The UK’s official unemployment rate has come in at 4.3%, lower than forecast.

Matthew Percival, CBI Director of People & Skills, said: “The UK’s jobs outlook remained strong over the summer with employment figures rising and unemployment falling. However, ongoing supply chain issues, labour shortages and record high vacancies have put a brake on growth.
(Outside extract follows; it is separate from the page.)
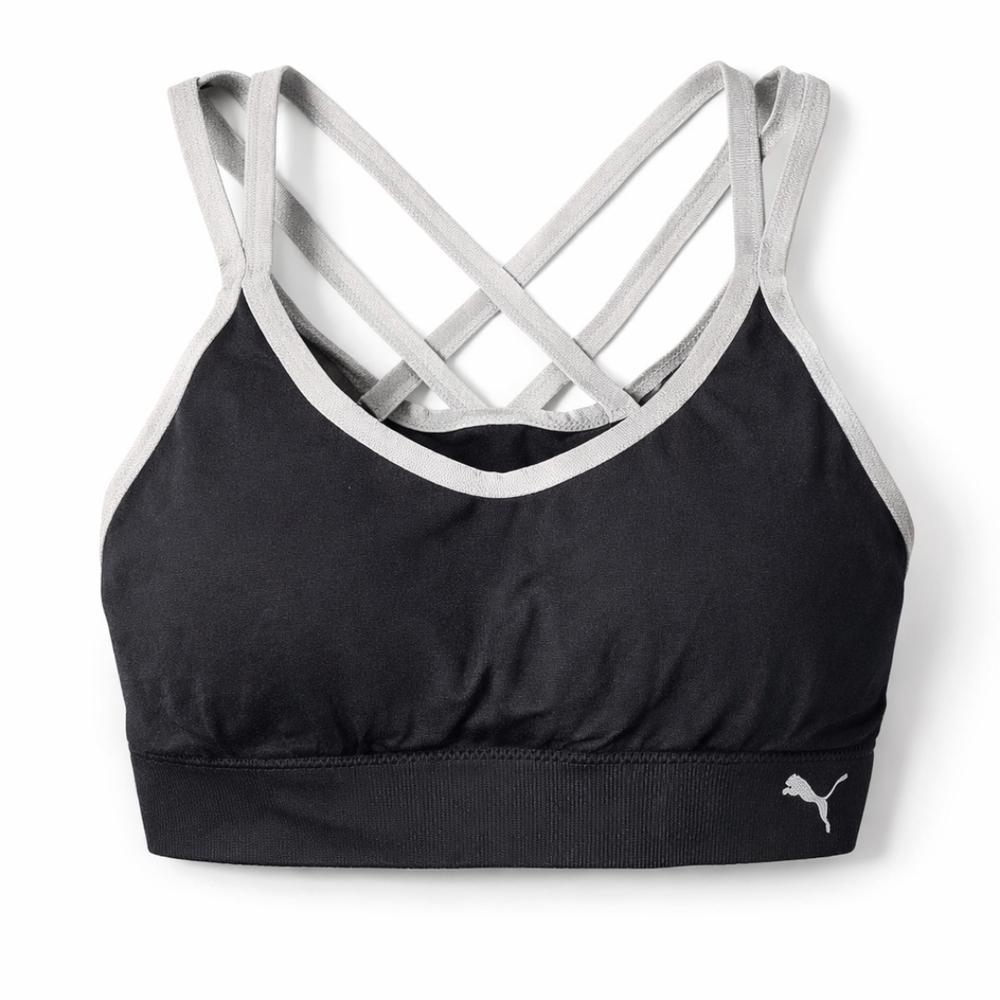 Puma Women's Black and Gray Strappy Sports Bra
“The Supply Chain Advisory Group is a positive development, demonstrating the Government’s willingness to work in partnership with business to tackle current challenges. Companies will continue to face these issues well into the New Year, so it’s important this spirit of collaboration is maintained to safeguard the UK’s economic recovery.”

Thomas Pugh, economist at RSM UK, said: “The labour market appears to have escaped the end of the furlough scheme relatively unharmed. If the official data for October tells a similar story, which we think it will, then a major obstacle preventing the Monetary Policy Committee (MPC) from raising interest rates in December will have been removed.

“The 160,000 rise in payrolls for October, also released today, suggests that the winding down of the furlough scheme didn’t lead to a surge in unemployment last month. Indeed, the claimant count rate fell from 5.2% in September to 5.1% in October. What’s more, total vacancies continued to rise to another record of 1,172,000. And there was evidence that the issue is becoming more widespread throughout the economy with 15 of the 18 industry sectors showing record highs. Both single month vacancies and Adzuna’s online job advert estimates reached record levels of vacancy numbers in October, suggesting that the end of the furlough scheme hasn’t helped to ease labour shortages.

“This isn’t official data so the MPC will want more evidence to be sure that the labour market is recovering. But the official data for September indicates that the labour market recovery was robust. Indeed, the fall in the unemployment rate from 4.5% in August to 4.3% in September was driven by a 247,000 rise in employment.”